*** Supplied records ***
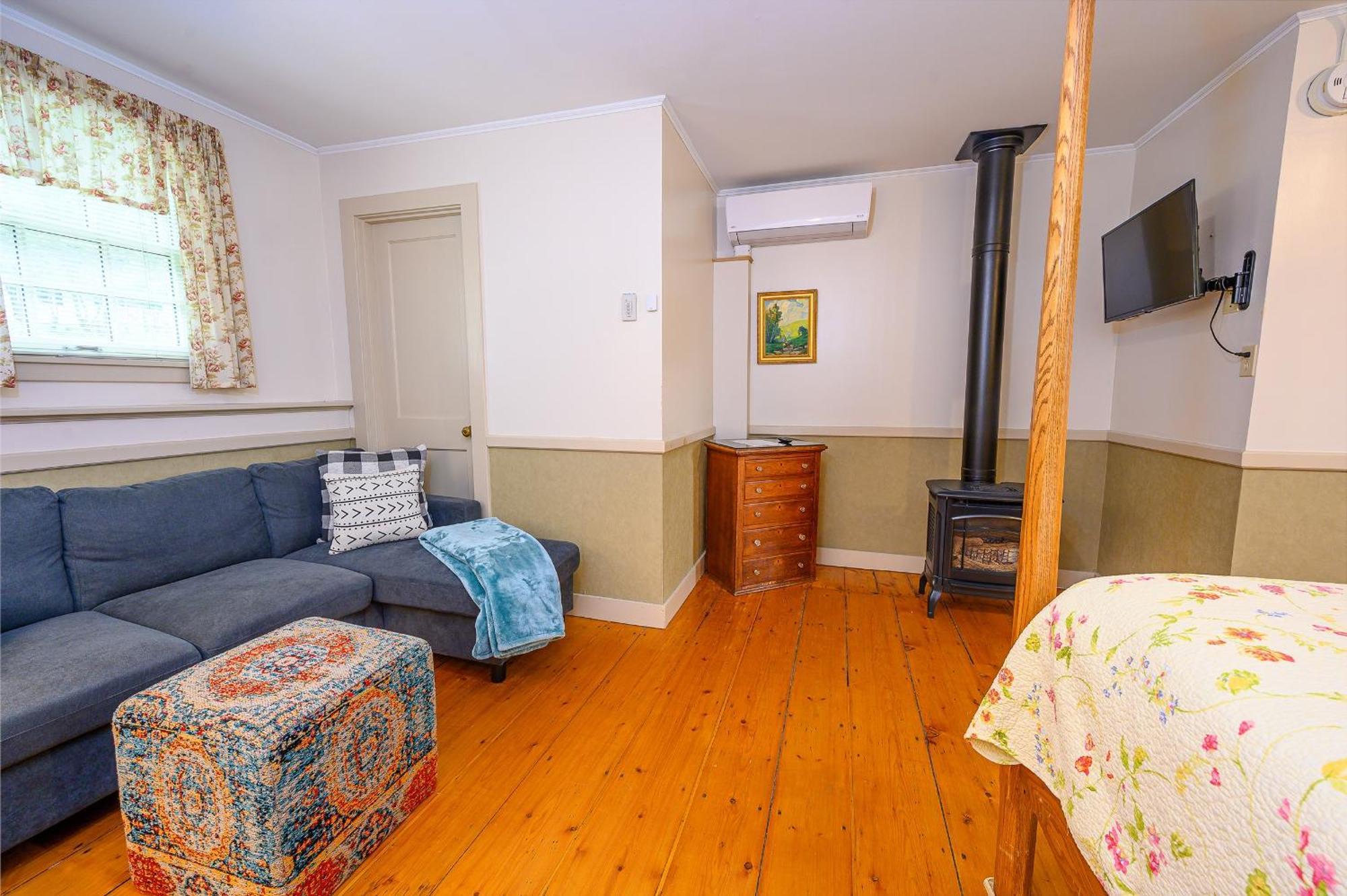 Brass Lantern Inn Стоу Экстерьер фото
*** End of Supplied records ***
*** Supplied records ***
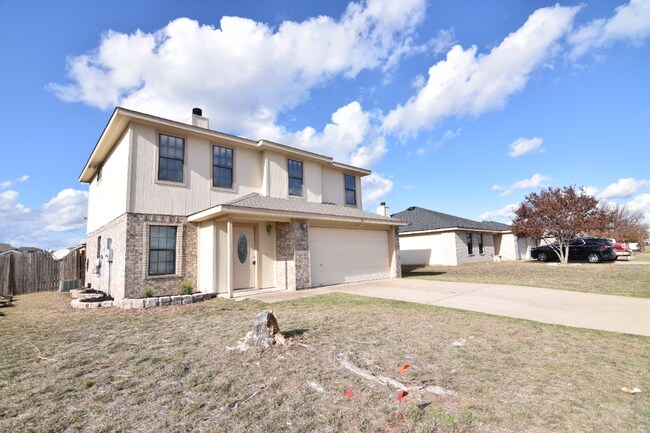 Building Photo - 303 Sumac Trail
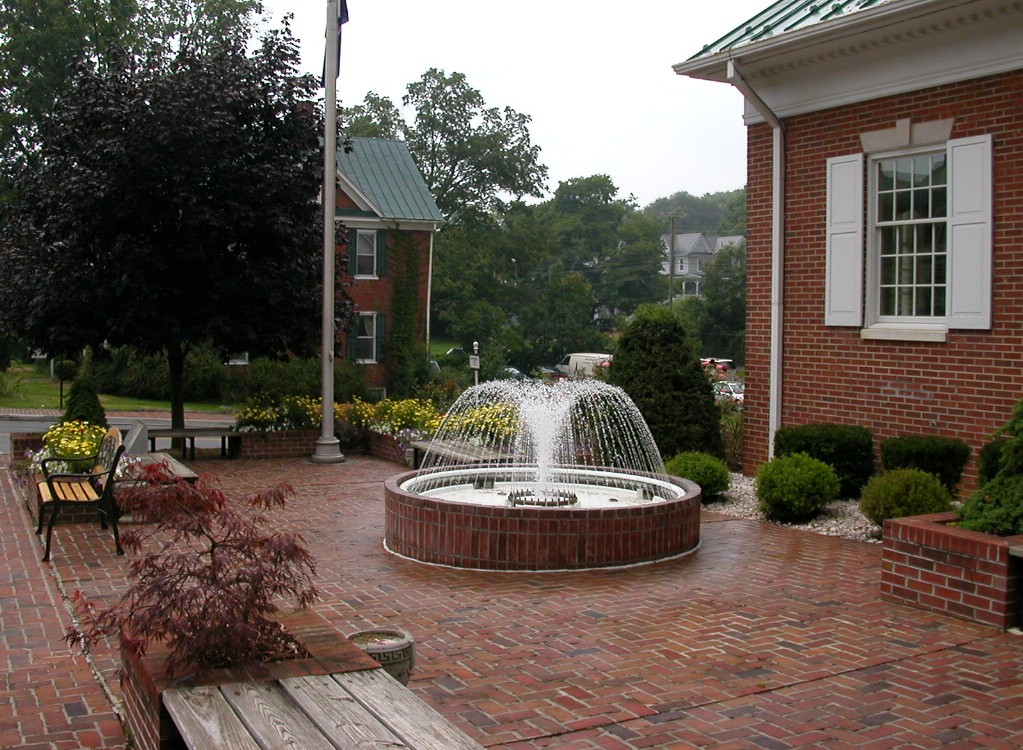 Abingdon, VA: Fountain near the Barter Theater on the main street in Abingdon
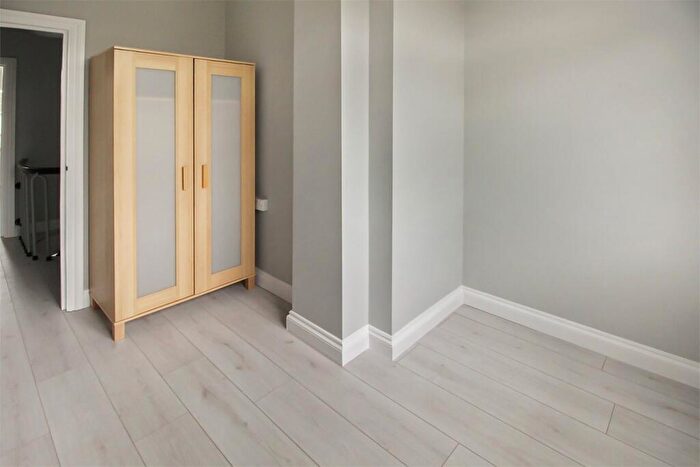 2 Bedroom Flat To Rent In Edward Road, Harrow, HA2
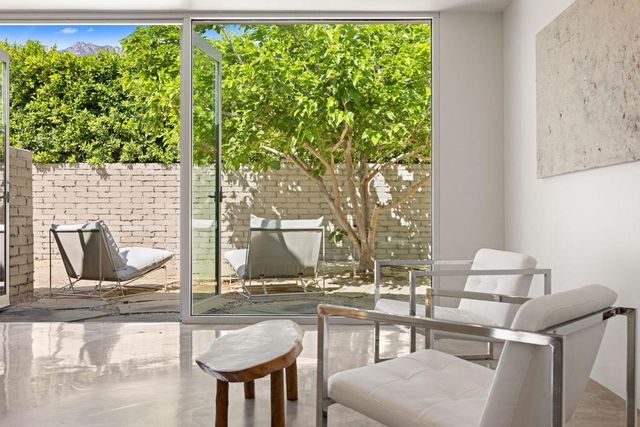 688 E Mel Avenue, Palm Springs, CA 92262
*** End of Supplied records ***
*** Supplied records ***
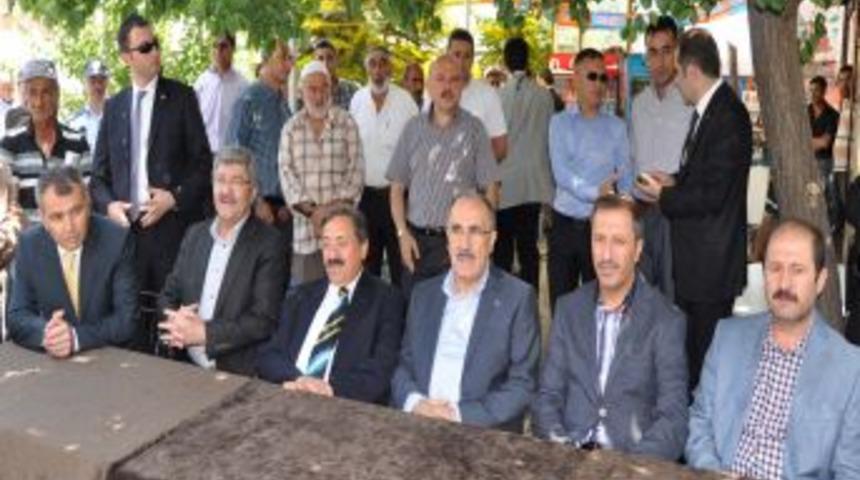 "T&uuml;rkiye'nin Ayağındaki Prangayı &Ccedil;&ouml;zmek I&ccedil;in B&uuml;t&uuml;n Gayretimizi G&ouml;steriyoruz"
*** End of Supplied records ***
# [Action item]
Starting at the line above that contains "Building Photo - 303 Sumac Trail", transcribe every line exactly through the line that contains "688 E Mel Avenue, Palm Springs, CA 92262", including that last one, and skip the pictures.

# [Answer box]
 Building Photo - 303 Sumac Trail
 Abingdon, VA: Fountain near the Barter Theater on the main street in Abingdon
 2 Bedroom Flat To Rent In Edward Road, Harrow, HA2
 688 E Mel Avenue, Palm Springs, CA 92262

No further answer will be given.